ゆっくりと走る能登のローカル列車のように、静かで、でも確かに前へ進む恋の物語を、皆様にもそっと味わっていただけたら嬉しいです。


**「キスや触れ合いなどの恋愛描写を含みますが、性的行為の直接描写はありません」**

 「本作には一部、恋愛に伴う心身の揺らぎや葛藤を描いたシーンがあります」  


君が笑うとき、僕は恋を知る。

ローカル電車の揺れに身を預けながら、今日もきっと君に会えると願ってしまう。


朝は、ただの通学電車。

でも、帰りは違う。

君が運転するその電車に乗るたびに、僕の心は恋人みたいに勝手に弾んでしまう。


穴水を発った列車がトンネルを抜け、日本海が広がると、胸の奥に潮風が流れ込むような気がした。


あの笑顔を、僕だけのものにしたい。

でも、それは叶わないって、知ってる。


僕の片思いは、今日も始発から終点まで、そっとレールの上を走っていく――。


ガタン、ゴトン。ガタン、ゴトン――

午前7時33分、能登鉄道のローカル列車が穴水駅を出発した。

トンネルを抜けると、日本海が広がる。

波が朝日を受けて、きらきらと光っていた。


僕の名前は、佐藤雪哉。

地元・七尾商業高校に通う、高校2年生。

毎朝、この2両編成の小さな電車に揺られて、穴水から七尾まで通学している。

決まって乗るのは、この時間のこの電車――それには、理由がある。


ぼんやりと車窓を眺めていると、

一枚の桜の花びらが、窓にふわりと舞い降りた。

昨夜の雨で濡れたガラスに、それは儚く張り付いていた。

僕はその花びらを目で追いながら、そっと心の中で問いかける。


――僕は、間違っていないよね?


僕は、青山航が、好きだ。

どうしようもないくらい、好きなんだ。

でも……あの人は、僕なんか相手にしてくれないかもしれない。

あの笑顔を、僕だけのものにしたいだなんて――

それは、欲張りすぎる願いだろうか。


「はぁ……」

小さなため息が、僕の唇から零れた。

その息に押されるように、窓の花びらがふわりと宙に舞い、どこかへ消えていった。


恋の切なさを、僕は胸の奥に、そっと仕舞い込む。


――今日も、いい香りがする。


航が車内に入ってきたことを、僕のセンサーは誰よりも早く察知する。

やっぱり。

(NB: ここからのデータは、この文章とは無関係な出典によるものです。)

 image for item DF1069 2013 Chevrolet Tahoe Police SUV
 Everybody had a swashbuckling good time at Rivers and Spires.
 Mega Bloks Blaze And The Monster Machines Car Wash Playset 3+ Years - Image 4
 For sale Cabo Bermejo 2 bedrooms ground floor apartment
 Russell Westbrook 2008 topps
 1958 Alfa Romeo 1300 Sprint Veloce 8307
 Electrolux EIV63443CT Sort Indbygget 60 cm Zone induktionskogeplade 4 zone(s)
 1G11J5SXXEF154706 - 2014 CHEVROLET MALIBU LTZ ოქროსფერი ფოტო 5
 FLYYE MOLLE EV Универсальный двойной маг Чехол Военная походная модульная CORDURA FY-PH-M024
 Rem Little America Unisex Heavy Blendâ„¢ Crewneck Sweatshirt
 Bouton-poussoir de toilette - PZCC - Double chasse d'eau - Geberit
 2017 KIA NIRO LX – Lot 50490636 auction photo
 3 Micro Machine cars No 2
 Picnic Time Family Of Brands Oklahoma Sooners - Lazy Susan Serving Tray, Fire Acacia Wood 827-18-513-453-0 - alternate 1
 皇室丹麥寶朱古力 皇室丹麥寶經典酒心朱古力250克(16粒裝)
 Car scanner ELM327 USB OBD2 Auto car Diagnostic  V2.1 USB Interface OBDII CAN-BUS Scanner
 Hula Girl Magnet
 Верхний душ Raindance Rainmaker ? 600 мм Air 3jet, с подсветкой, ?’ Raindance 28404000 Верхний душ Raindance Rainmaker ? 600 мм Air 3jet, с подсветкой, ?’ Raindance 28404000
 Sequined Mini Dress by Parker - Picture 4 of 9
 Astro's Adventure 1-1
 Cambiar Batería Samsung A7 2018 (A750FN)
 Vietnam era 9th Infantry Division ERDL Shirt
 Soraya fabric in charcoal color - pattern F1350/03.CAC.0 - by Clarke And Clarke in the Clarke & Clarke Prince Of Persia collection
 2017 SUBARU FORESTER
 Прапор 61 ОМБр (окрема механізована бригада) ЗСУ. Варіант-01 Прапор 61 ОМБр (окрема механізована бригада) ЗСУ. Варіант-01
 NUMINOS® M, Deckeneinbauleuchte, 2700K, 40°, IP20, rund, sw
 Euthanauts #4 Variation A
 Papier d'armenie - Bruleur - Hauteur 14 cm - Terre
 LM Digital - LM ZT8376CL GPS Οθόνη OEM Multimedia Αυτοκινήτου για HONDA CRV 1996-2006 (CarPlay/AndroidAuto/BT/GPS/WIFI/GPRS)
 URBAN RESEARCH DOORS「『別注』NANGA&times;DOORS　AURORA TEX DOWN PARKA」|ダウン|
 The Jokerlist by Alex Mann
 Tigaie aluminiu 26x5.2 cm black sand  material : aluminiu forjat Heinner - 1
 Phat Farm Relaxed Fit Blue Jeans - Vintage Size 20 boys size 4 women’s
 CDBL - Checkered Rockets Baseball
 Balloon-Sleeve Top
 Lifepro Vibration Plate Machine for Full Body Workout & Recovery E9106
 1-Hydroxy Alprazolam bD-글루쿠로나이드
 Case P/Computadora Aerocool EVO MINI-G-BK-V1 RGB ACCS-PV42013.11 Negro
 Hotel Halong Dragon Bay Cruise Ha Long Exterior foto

予想通り、自動操縦に切り替えて、運転室から出てきた。


最初は、定期券を見せるのさえ、正直ちょっと面倒だった。

高校生の乗車券なんて、いちいち確認する必要あるのかなって思ってた。


でも、航は違った。

毎朝、丁寧に、優しく、一人一人に声をかけながら、必ず目を合わせて切符を確認する。

その姿に、僕は知らないうちに惹かれていた。


今では、朝の7時33分発のこの電車に乗る理由は――

ほんの一瞬でも、彼と“触れ合える”その時間に、全部、詰まってる。


――今日こそは。

航の、指先に……触れてみたい。


そんな僕の思いを美優が聞いたら、きっと笑い飛ばすだろう。

「子供ね」って。

でもそれでもいい。

その「子供みたいな気持ち」が、今の僕の心を動かしているんだから。


…次は、僕の番。


――あっ。

今、かすかに、指が触れた。

反射的に下を向く。

顔が熱くてたまらない。


「桜、散ってしまったね」

航の声。僕に話しかけてくれている。


――うそ。


「さっき、花びらを手で捕まえようとしてたでしょ?」

まるで、見透かされている。

優しい声に、胸がぎゅっとなる。


「君は、誰かに恋をしてるのかな。

とても、ロマンチストだね」


――そうです。

僕は、あなたのことが――好きです。

‥‥心の中で、静かに告白する。


「佐藤雪哉。いい名前だね」

航が定期券に目を落とし、名前を口にした。


「ありがとうございます」

「僕の名前は、青山航。28歳、独身。いま、恋人募集中」

そう言って、航は少しふざけたように僕の前でおどけて見せた。


――……え? いま、何て?


心臓が、思わず跳ねた。


「――知ってます。

ずっと、あなたを見ていました。」


でも、そんな言葉、言えるはずもない。


「……あおやまこう?」


僕はとっさに、関心のないふりをした。

――……ばか。こんなときに、何でそんな態度を取るんだよ。


だけど、そんな僕に、彼はもう一度だけチャンスをくれた。


「いつも同じ席に座ってるから、君のこと、覚えちゃった」


「……僕も、です」


今度はちゃんと、素直に言えた。


「勉強、がんばれよ」


「はい」


胸の奥がじわりと熱くなる。

このやりとりが、永遠に続けばいいのに――なんて、バカみたいなことを思った。


やがて、七尾駅に到着し、僕は立ち上がる。


そのときだった。


「雪哉。帰りは18時48分。僕の最後の勤務だ。

もしよかったら……帰りも、僕の運転する電車に乗ってくれると、嬉しいな」


「はいっ」


思わず、声が跳ねた。

心臓が、もう止まりそうなくらい高鳴っている。


――今日という日は、僕のなかで一生、消えないかもしれない。

だって、これは、恋の始まりの音がした日だから。